Enthusiastic supporters of the fundraising festival, the two have bought decorated trees, wreaths and other decorations there. And two weeks ago, they were back for this year’s preview gala.

"I said, ‘John, we don’t have any more room,’?" McGonegal said with a smile. "But he always figures it out."

She and Betonte even have an entire room vignette purchased there, a frosty white-and-red scene in their upstairs hallway called Mrs. Claus’ Boudoir. It includes a white settee snuggled up to an electric fireplace, a white tree hung with red ornaments and wrapped with snowy cotton garland, and a dress form bearing an elegant white outfit ready for Christmas celebrating. The room even came with wrapped gifts under the tree, which they’ve never opened.

Some of the items on display came from their travels, including an ebony Nativity that McGonegal brought back from Ghana and a quartet of wood trees she carted home from Bali. Some came from family, such as the Ukrainian tree topper that was passed down to Betonte’s late wife and the 1876 Bible from McGonegal’s ancestors, displayed open to the Christmas story in the Gospel of Luke.

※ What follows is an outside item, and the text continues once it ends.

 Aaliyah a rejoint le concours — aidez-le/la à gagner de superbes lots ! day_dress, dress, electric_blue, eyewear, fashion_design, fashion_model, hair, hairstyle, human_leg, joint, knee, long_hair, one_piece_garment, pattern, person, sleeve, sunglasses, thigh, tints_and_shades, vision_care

One was a windfall from a garage sale, a life-size figure from the company Katherine’s Collection that a friend of Betonte’s spotted and picked up for him at a bargain price. He named the female doll Miss Kitty because of her resemblance to the saloon keeper in the TV classic Gunsmoke and sat her on one side of the living room’s bow window. On the other side is another Katherine’s Collection doll named Eula, gaudily dressed in a leopard coat and shoes and wearing a grin that reminds Betonte of the funhouse character Laffing Sal.

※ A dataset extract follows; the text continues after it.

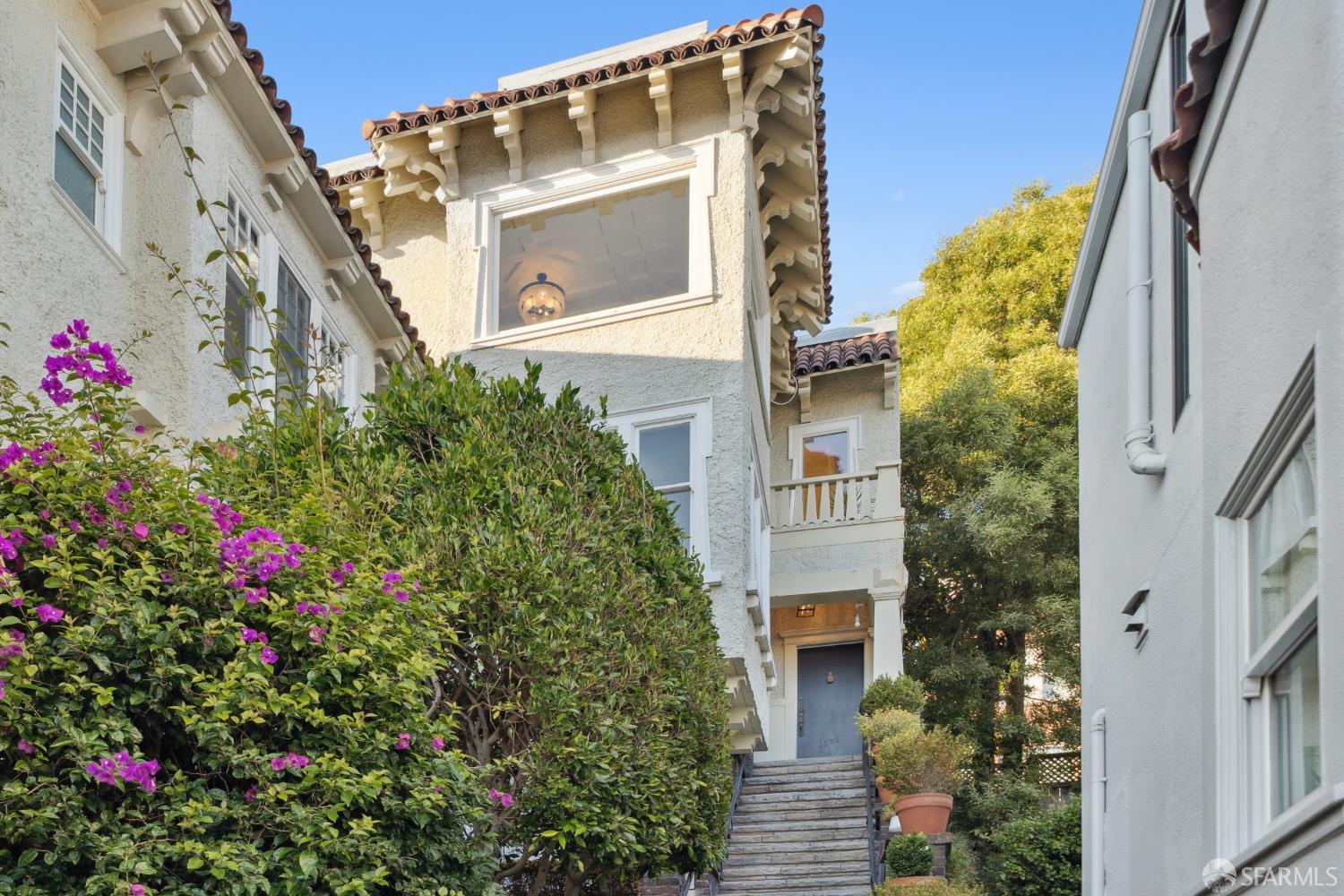 2888 Jackson Street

They’re just two of the life-size figures positioned all around McGonegal and Betonte’s house. A wooden soldier guards the top of the stairs, while the character Betonte calls the chancellor of Christmas University — a Santa dressed in elaborate Renaissance garb — takes up position between the kitchen and dining room. In the informal space McGonegal and Betonte call the lodge room is a Katherine’s Collection Santa in royal robe, as well as a female elf with a sprightly face that was modeled after the artist’s aunt.

Some smaller figures make an appearance, too. A forest fairy from artist Mark Roberts perches atop a pier glass that came from McGonegal’s family. A Santa in a white sheepskin coat, designed by artist Tina Mitchell, totes his pack in the master bedroom. In the living room, a carousel horse purchased at the tree festival awaits a rider, bedecked in jewels, black feathers and gold sequins.

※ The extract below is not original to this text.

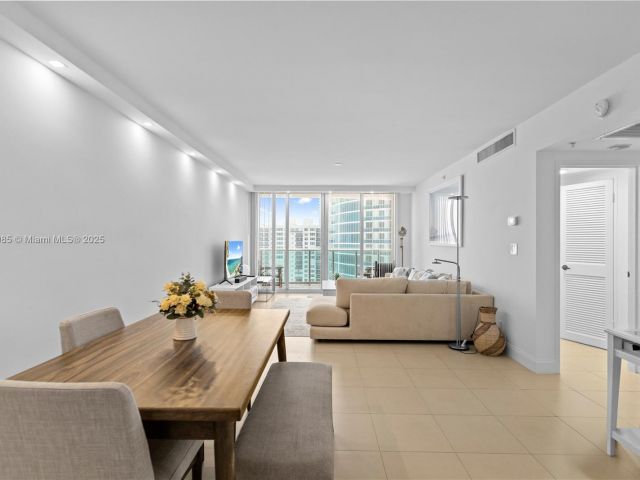 Продажа квартиры #1614 - фото 6011213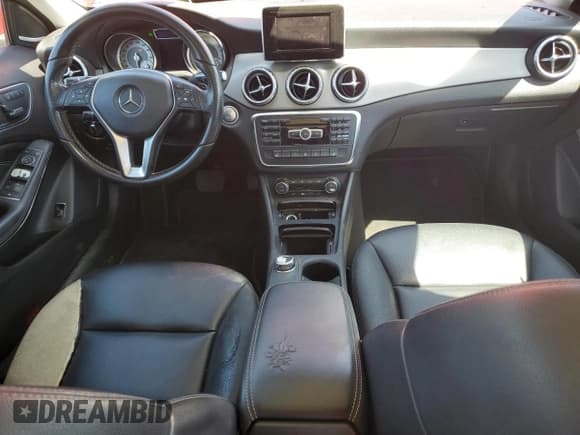 ✅ 2015 Mercedes-Benz GLA 250 • VIN: WDCTG4EB9FJ180845 • Lot: 49982115. Wystawiony na Copart z przebiegiem 114 966 mil. Bezpłatny archiwum sprzedaży aukcyjnych z USA i szczegółowy raport historii pojazdu na DreamBid. Zdjęcie 8.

The holiday decorations share space with family heirlooms, including furniture from the tourist home McGonegal’s family ran and her grandparents’ farm in Jefferson County, Ohio. Her son’s christening dress hangs on a guest room wall, and a lamp that was a wedding gift to her parents lights the room.

But all those objects merely enhance what McGonegal and Betonte consider the house’s best feature, its views of their 2 1/2 wooded acres. The couple purposely left most of the windows unadorned, because "God gave us such wonderful scenery," McGonegal said.

That’s a gift they can enjoy year-round.